Parameters describe the actual population we want to know about. In most cases, we don't know the real parameter values, and instead make estimates based on observations of samples drawn from the full population. These estimates are an approximation of the true population parameters, and much of statistics is concerned with figuring out how good parameter estimates are. This allows us to test hypotheses about the parameters, as well as compare estimates to each other.

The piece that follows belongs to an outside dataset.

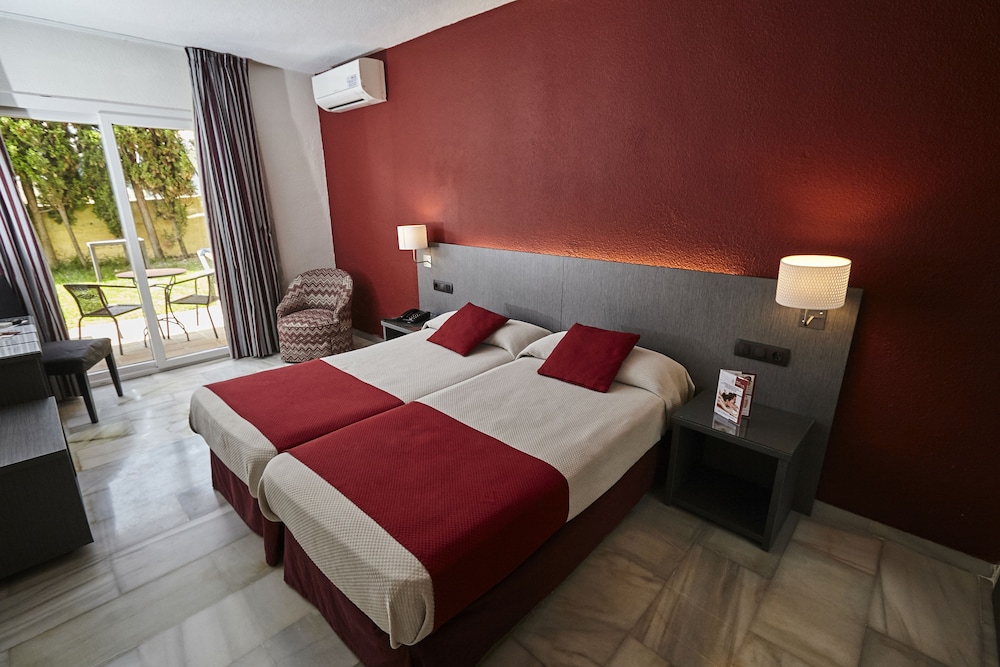 Hotel Nerja Club And Spa 24/66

\subsection{Descriptive statistics for a single variable}

Many times we just want to summarize the distribution of a single variable, which we will here call $X$.

The arithmetic mean $\mu$, a parameter, is an average of all values in a population:

\begin{equation}
\mu= \frac{\displaystyle\sum\limits_{i=1}^n X_i}{n}
\end{equation}

Where the total population has size $n$ and the value of each item $i$ in the population is $X_i$. It often serves as an expected value of a sample drawn from the population.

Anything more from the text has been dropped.